These advances, however, are not predicated on data alone. As envisioned by researchers at Bell Labs, turning data into insight it takes computing skills (i.e. programming), statistical knowledge, and, importantly, domain expertise. This triad has been popularly represented in a Venn diagram 1.1.

Figure 1.1: Data Science Venn Diagram adapted from Drew Conway.

This same toolbelt underlies well-known public-facing language applications. From the language-capable personal assistant applications, plagiarism detection software, machine translation, and search engines, tangible results of quantitative approaches to language are becoming standard fixtures in our lives.

Figure 1.2: Well-known language applications

The spread of quantitative data analysis too has taken root in academia. Even in areas that on first blush don’t appear to be approachable in a quantitative manner such as fields in the social sciences and humanities, data science is making important and sometimes disciplinary changes to the way that academic research is conducted. This textbook focuses in on a domain that cuts across many of these fields; namely language. At this point let’s turn to quantitative approaches to language.

1.3 Language analysis

Language is a defining characteristic of our species. As such, the study of language is of key concern to a wide variety of fields, not just linguistics. The goals of various fields, however, and as such approaches to language research, vary. On the one hand some language research traditions within linguistics, namely those closely associated with Noam Chomsky, eschewed quantitative approaches to language research during the later half of the 20th century and instead turned to qualitative assessment of language structure through introspective methods.

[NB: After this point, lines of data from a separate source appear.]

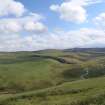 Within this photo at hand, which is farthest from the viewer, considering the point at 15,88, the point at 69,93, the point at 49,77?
the point at 49,77

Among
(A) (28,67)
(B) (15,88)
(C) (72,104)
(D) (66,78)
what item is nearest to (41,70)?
(A) (28,67)

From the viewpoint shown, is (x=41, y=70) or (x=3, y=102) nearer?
(x=3, y=102)

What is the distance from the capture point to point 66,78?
386 ft

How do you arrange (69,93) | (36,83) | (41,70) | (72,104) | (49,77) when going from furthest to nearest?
(41,70) → (49,77) → (36,83) → (69,93) → (72,104)

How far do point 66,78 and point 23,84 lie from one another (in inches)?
684

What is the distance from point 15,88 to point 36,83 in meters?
9.93

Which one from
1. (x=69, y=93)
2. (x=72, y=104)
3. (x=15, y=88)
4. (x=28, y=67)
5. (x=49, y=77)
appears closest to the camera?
(x=72, y=104)

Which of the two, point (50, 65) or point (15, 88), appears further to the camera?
point (50, 65)

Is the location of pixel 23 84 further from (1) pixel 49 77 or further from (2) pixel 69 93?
(2) pixel 69 93

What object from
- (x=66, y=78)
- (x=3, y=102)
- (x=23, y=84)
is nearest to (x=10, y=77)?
(x=23, y=84)

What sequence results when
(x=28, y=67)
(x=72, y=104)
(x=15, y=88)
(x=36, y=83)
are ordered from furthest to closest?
1. (x=28, y=67)
2. (x=36, y=83)
3. (x=15, y=88)
4. (x=72, y=104)

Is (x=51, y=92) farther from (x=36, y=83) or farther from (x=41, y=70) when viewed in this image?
(x=41, y=70)

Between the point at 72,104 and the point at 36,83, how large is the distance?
62256 mm

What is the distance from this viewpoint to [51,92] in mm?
69125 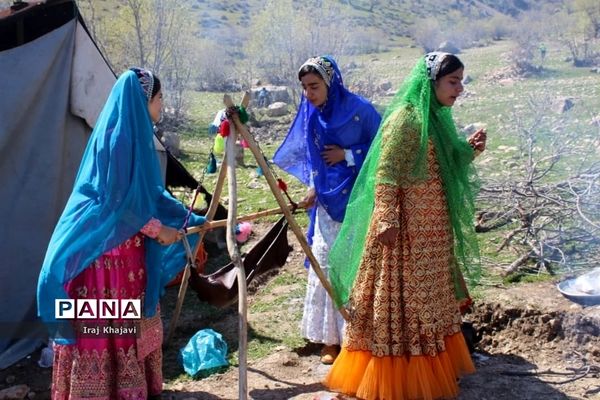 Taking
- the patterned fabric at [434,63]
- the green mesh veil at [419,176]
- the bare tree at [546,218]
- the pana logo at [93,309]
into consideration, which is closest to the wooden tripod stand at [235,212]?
the green mesh veil at [419,176]

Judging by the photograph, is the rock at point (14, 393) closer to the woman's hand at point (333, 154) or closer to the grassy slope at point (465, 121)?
the grassy slope at point (465, 121)

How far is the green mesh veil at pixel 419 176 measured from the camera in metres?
3.30

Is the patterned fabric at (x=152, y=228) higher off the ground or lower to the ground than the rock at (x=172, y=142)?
lower

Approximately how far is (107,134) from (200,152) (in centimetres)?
834

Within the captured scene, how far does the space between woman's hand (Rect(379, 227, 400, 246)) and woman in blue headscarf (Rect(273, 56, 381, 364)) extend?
2.20ft

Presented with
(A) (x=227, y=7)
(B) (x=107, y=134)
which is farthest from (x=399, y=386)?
(A) (x=227, y=7)

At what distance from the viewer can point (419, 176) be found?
131 inches

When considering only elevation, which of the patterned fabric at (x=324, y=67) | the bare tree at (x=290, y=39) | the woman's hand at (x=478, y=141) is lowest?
the woman's hand at (x=478, y=141)

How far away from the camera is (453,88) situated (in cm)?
330

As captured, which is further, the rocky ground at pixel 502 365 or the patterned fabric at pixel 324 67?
the patterned fabric at pixel 324 67

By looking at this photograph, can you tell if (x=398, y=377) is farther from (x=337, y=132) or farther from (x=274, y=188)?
(x=337, y=132)

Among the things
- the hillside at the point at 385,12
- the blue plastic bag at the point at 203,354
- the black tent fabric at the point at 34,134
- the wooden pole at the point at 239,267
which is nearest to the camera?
the wooden pole at the point at 239,267

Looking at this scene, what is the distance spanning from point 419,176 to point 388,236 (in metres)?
0.32

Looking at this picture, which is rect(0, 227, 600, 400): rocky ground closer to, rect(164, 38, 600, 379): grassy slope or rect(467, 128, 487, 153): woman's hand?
rect(164, 38, 600, 379): grassy slope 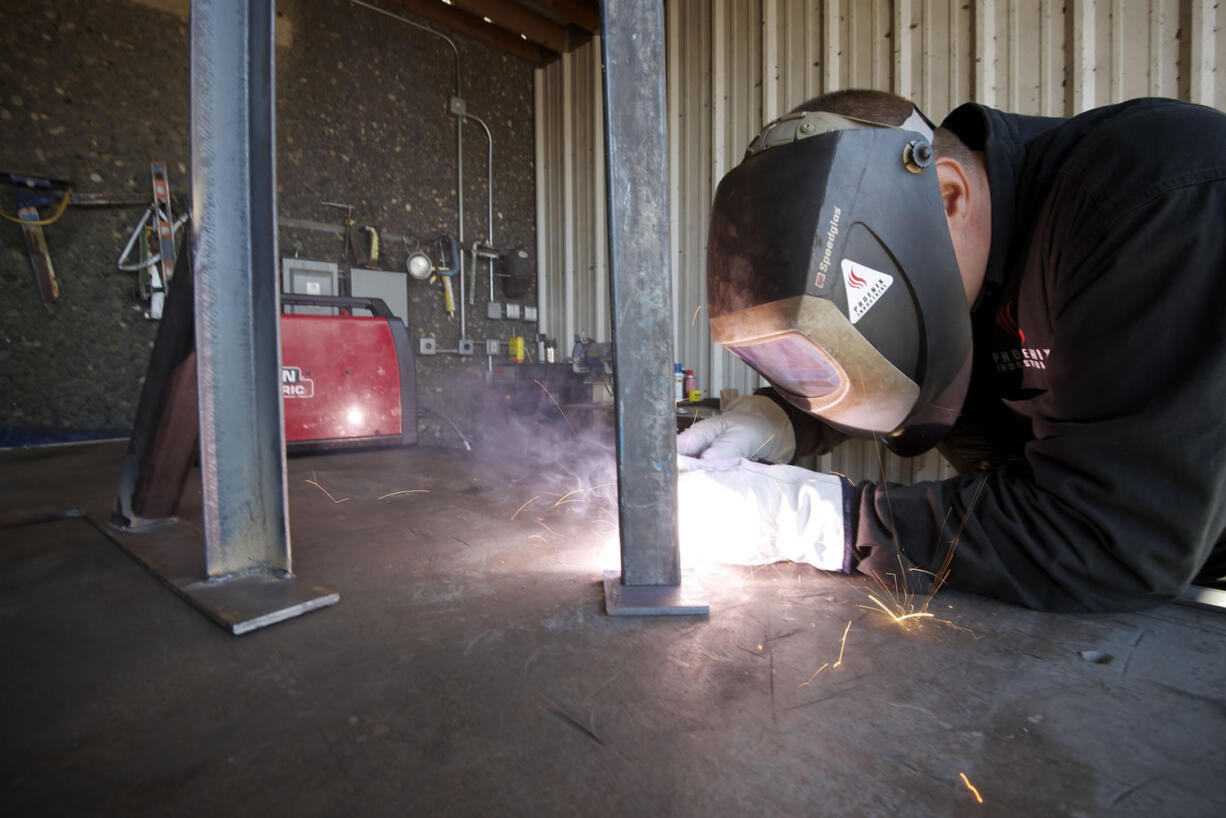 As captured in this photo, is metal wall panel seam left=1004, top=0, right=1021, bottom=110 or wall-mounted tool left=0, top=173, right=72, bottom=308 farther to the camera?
wall-mounted tool left=0, top=173, right=72, bottom=308

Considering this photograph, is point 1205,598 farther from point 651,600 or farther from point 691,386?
point 691,386

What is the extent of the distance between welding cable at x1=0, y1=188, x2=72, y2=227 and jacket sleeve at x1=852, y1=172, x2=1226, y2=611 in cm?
372

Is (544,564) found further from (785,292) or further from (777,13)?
(777,13)

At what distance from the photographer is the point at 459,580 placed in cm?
84

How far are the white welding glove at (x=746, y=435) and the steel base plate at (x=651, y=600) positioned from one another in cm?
60

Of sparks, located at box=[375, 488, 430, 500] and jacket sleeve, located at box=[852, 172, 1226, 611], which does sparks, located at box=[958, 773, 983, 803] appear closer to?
jacket sleeve, located at box=[852, 172, 1226, 611]

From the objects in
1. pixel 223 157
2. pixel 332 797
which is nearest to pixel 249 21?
pixel 223 157

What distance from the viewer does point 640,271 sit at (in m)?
0.75

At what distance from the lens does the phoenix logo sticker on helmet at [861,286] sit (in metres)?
0.79

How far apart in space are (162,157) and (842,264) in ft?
12.1

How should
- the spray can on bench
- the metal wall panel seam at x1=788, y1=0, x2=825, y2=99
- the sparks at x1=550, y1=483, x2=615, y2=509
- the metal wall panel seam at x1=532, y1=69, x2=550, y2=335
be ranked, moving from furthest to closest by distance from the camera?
the metal wall panel seam at x1=532, y1=69, x2=550, y2=335, the spray can on bench, the metal wall panel seam at x1=788, y1=0, x2=825, y2=99, the sparks at x1=550, y1=483, x2=615, y2=509

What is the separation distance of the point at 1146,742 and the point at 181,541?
1.41m

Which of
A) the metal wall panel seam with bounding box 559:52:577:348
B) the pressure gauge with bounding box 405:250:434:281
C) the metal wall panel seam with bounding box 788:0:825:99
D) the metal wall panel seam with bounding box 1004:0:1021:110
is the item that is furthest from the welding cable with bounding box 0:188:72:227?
the metal wall panel seam with bounding box 1004:0:1021:110

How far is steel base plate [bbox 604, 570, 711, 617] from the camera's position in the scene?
711mm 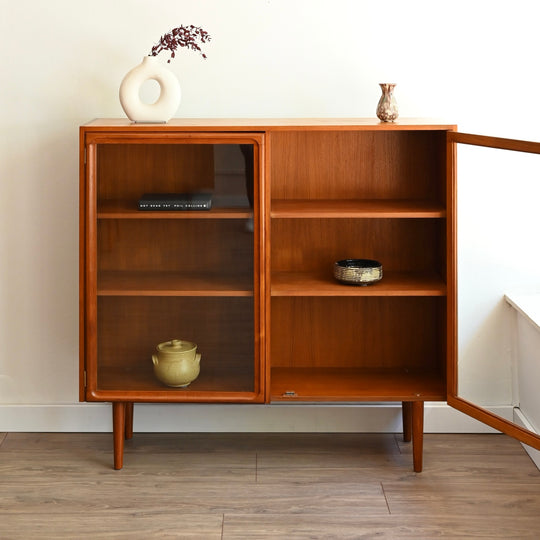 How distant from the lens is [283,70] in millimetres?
2672

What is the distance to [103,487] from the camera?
96.2 inches

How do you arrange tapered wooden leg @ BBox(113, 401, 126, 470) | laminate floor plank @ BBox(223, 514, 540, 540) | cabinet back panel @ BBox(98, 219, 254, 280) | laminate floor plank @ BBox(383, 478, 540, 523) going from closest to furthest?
1. laminate floor plank @ BBox(223, 514, 540, 540)
2. laminate floor plank @ BBox(383, 478, 540, 523)
3. cabinet back panel @ BBox(98, 219, 254, 280)
4. tapered wooden leg @ BBox(113, 401, 126, 470)

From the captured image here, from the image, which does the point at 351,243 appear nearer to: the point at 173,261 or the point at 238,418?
the point at 173,261

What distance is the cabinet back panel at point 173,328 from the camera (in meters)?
2.45

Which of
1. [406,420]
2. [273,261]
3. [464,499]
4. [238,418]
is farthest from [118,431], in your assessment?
[464,499]

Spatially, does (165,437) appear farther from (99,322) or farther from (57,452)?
(99,322)

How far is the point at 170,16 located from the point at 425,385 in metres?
1.38

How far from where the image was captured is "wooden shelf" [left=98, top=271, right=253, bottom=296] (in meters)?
2.43

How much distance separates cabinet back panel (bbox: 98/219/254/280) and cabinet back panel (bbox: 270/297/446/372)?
35 centimetres

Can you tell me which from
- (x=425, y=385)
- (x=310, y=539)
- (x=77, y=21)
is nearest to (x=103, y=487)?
(x=310, y=539)

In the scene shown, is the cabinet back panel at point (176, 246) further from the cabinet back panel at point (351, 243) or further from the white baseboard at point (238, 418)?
the white baseboard at point (238, 418)

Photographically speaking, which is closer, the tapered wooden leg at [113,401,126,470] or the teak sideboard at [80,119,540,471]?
the teak sideboard at [80,119,540,471]

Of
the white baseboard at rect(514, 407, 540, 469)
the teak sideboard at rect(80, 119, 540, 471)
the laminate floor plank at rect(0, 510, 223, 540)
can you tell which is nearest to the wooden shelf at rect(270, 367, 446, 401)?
the teak sideboard at rect(80, 119, 540, 471)

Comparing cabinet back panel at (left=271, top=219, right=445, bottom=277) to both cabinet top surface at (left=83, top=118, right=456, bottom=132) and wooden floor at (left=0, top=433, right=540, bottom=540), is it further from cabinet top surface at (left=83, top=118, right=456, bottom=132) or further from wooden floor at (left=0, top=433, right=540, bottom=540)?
wooden floor at (left=0, top=433, right=540, bottom=540) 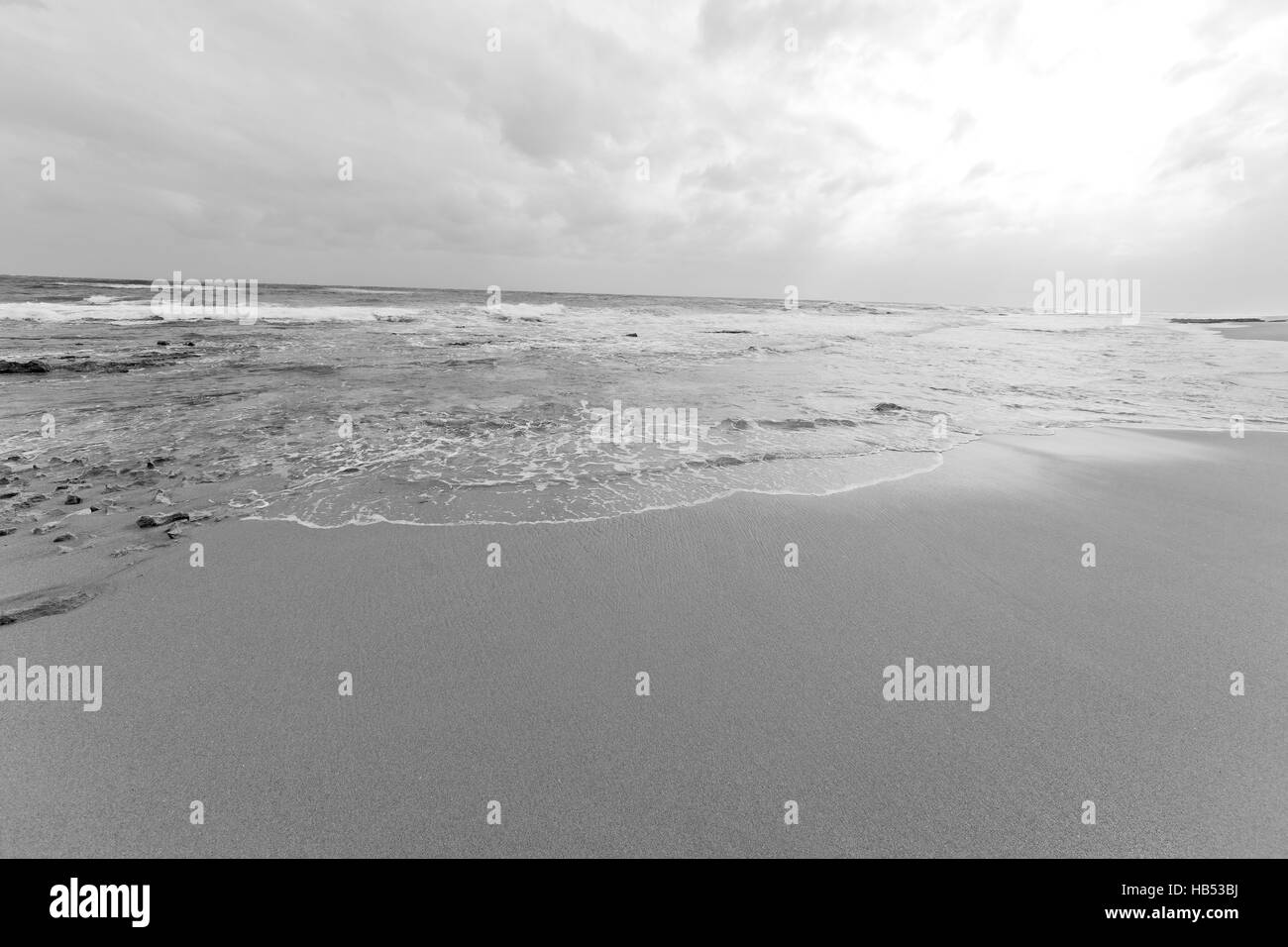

On the other hand many language research programs, in and outside linguistics, turned to and/or developed quantitative research methods either by necessity or through theoretical principles. These quantitative research trajectories share much of the common data analysis toolbox described in the previous section. This means to a large extent language analysis projects share a common research language with other language research but also with research beyond outside of language. However, there is never a one-size-fits all approach to anything –much less data analysis. And in quantitative analysis there is a key distinction in data collection that has downstream effects in terms of procedure but also in terms of interpretation.

The key distinction, that we need to make at this point, which will provide context for our exploration of text analysis, comes down to the approach to collecting language data and the nature of that data. This distinction is between experimental data and observational data. Experimental approaches start with a intentionally designed hypothesis and lay out a research methodology with appropriate instruments and a plan to collect data that shows promise for shedding light on the validity of the hypothesis. Experimental approaches are conducted under controlled contexts, usually a lab environment, in which participants are recruited to perform a language related task with stimuli that have been carefully curated by researchers to elicit some aspect of language behavior of interest. Experimental approaches to language research are heavily influenced by procedures adapted from psychology. This link is logical as language is a central area of study in cognitive psychology. This approach looks a much like the white-coat science that we made reference to earlier but, as in most quantitative research, has now taken advantage of the data analysis toolbelt to collect and organize much larger quantities of data and conduct statistically more robust analysis procedures and communicate findings more efficiently.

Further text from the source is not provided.